**WORK ORDER**
Although the data holds pictures, return only the lines from the one containing "Town of Conesville" to the end, exactly, and without them.

**STORED DATA**
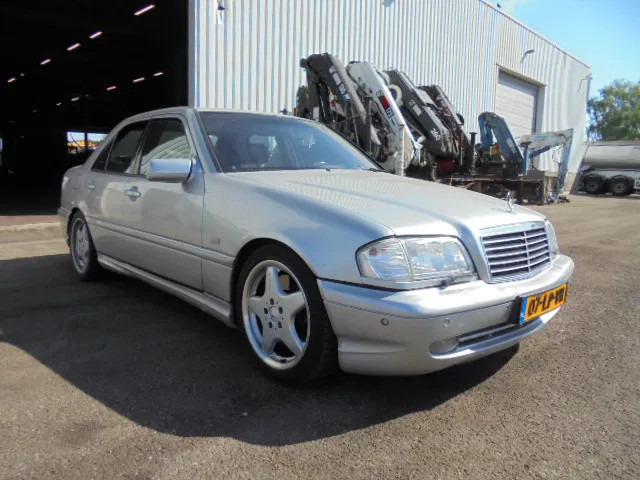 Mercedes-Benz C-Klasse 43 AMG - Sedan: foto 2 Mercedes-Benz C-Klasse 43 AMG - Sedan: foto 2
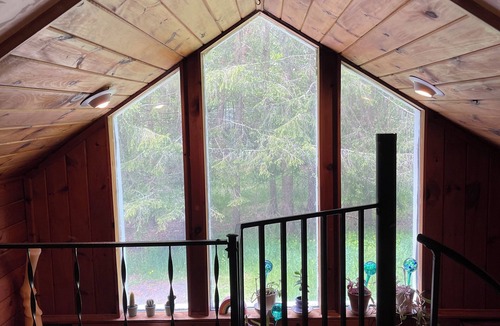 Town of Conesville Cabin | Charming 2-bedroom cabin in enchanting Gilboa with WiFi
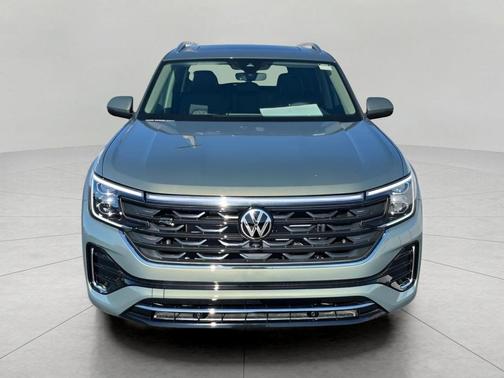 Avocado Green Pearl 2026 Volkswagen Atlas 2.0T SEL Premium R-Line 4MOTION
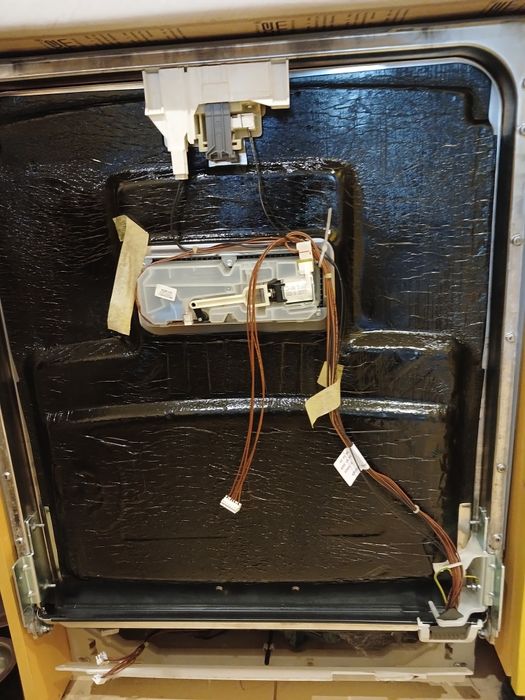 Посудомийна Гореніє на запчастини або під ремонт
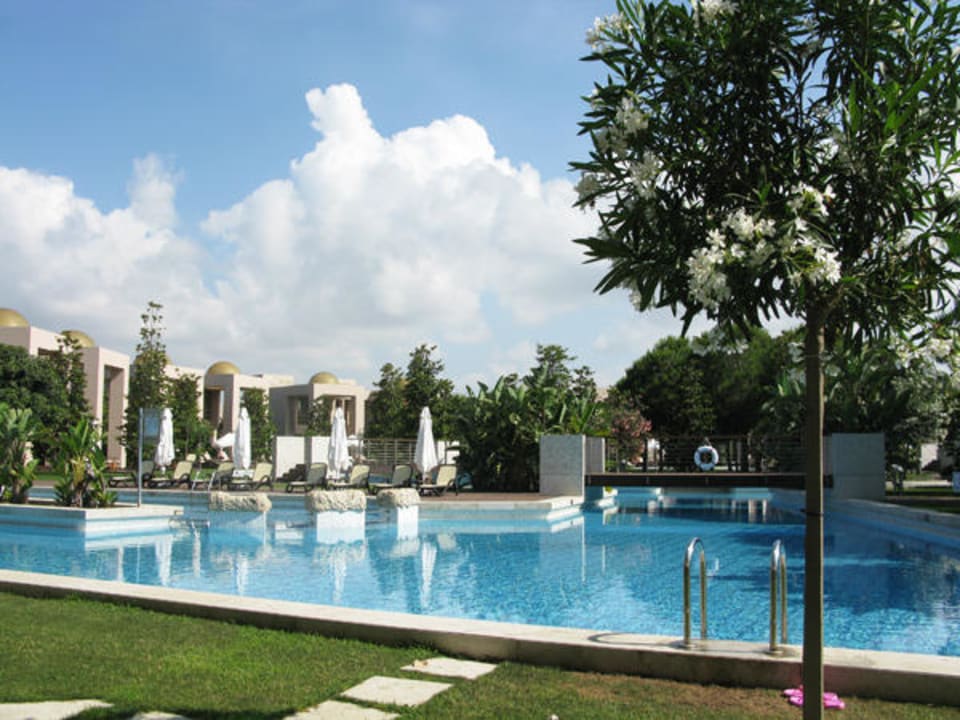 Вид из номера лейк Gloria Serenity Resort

**TASK SOLUTION**
 Town of Conesville Cabin | Charming 2-bedroom cabin in enchanting Gilboa with WiFi
 Avocado Green Pearl 2026 Volkswagen Atlas 2.0T SEL Premium R-Line 4MOTION
 Посудомийна Гореніє на запчастини або під ремонт
 Вид из номера лейк Gloria Serenity Resort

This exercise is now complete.